В каждом полноватом мужчине виделся Николай Степанович.
В каждой светловолосой девушке – Оля.
Но Лешку Соловья Соня не спутала бы ни с кем. Сердце звало и боялось одновременно.
«Я здесь не лишняя, меня же пригласили», – успокаивала она себя, и осторожно двигалась вдоль стены за спинами гостей.
Дом Муромовых очень походил на дом Николая Степановича, здесь так же присутствовала сдержанность, и в обстановке преобладали коричневые и серые тона. Но Лев Григорьевич явно увлекался живописью, столько картин видеть сразу не приходилось.
Гостей было много, большую часть приглашенных Соня никогда не встречала, и от этого становилось легче. Ужин остался позади, непринужденные беседы текли плавно, танцы постепенно притягивали пары.

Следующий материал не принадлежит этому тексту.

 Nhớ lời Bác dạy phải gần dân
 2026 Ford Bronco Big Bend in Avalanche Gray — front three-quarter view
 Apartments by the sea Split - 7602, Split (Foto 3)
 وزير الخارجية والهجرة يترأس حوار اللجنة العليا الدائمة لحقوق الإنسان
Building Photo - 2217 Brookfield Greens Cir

Дальняя часть зала, где располагались музыканты, собрала молодежь, здесь царила более оживленная атмосфера и часто слышался смех.

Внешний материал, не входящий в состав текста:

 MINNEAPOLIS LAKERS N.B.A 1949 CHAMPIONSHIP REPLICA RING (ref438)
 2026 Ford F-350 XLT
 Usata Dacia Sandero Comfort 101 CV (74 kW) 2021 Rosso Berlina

Выбрав место около группы зеленых кресел, на которых удобно расположились трое пожилых мужчин в мундирах, Соня остановилась. Сейчас ее закрывали две дамы в пышных платья, и можно было немного передохнуть от сильных волнений, и решить, как поступить дальше.
Подойти к Николаю Степановичу и поздороваться? Но что он скажет…
Подойти к Оле? Но зачем…
– Не оборачивайся, – раздался за спиной голос Соловья, и Соня вздрогнула от неожиданности.
– Ты… – выдохнула она и сначала улыбнулась, а потом сжала губы, пытаясь побороть навалившийся страх.
– Николай Степанович сказал: ты надолго уехала к тетке в Калугу. Но вот почему-то я не поверил. – Он усмехнулся. – Абакумов просто не знает, что мы жили на одном чердаке, и мне известно, что никакой тетки у тебя нет.
Соня угадала улыбку Соловья, и сразу стало легче. Он попросил не оборачиваться – и хорошо, душе требовались секунды, минуты, чтобы хоть немного успокоиться. Наверное, Лешка сделал бесшумный шаг и подошел ближе, потому что шею коснулось его дыхание. Или показалось?..
– Мне не разрешили приехать, – честно призналась Соня.
– Я бы уже завтра отправился тебя искать.
– Правда?
– Никогда не сомневайся во мне.
Глаза предательски защипали, но Соня прогнала слезы.
– А где сейчас Николай Степанович и Оля? – спросила она.
– Напротив, но значительно правее тебя. Там, где пейзаж с маками. Почему тебе не разрешили приехать к нам, и зачем эта выдумка про Калугу?
– Не знаю… – торопливо ответила Соня, и мгновенно угадала, что Лешка ей не поверит.
– Уверен, ты знаешь, – просто сказал он. – Но я не стану настаивать, давай сделаем так: потом ты обязательно мне все расскажешь. Договорились?
– Да.
– Обернись, уже можно.
Обернувшись, Соня поняла, отчего Лешка попросил не делать этого сразу. Он сбрил бороду, и сейчас широко улыбался, получая удовольствие от выражения ее лица. Как же он теперь походил на того Соловья… На того, который рассказывал страшные истории на чердаке Прохора, отстаивал уличные законы и шептал:
– Ты сбрил бороду, – выдохнула Соня.
– Приятно, что ты заметила.
Она подняла руку, желая коснуться щеки Соловья, но вовремя вспомнила: подобные поступки неприемлемы на светских ужинах. Рука опустилась, улыбка тронула губы.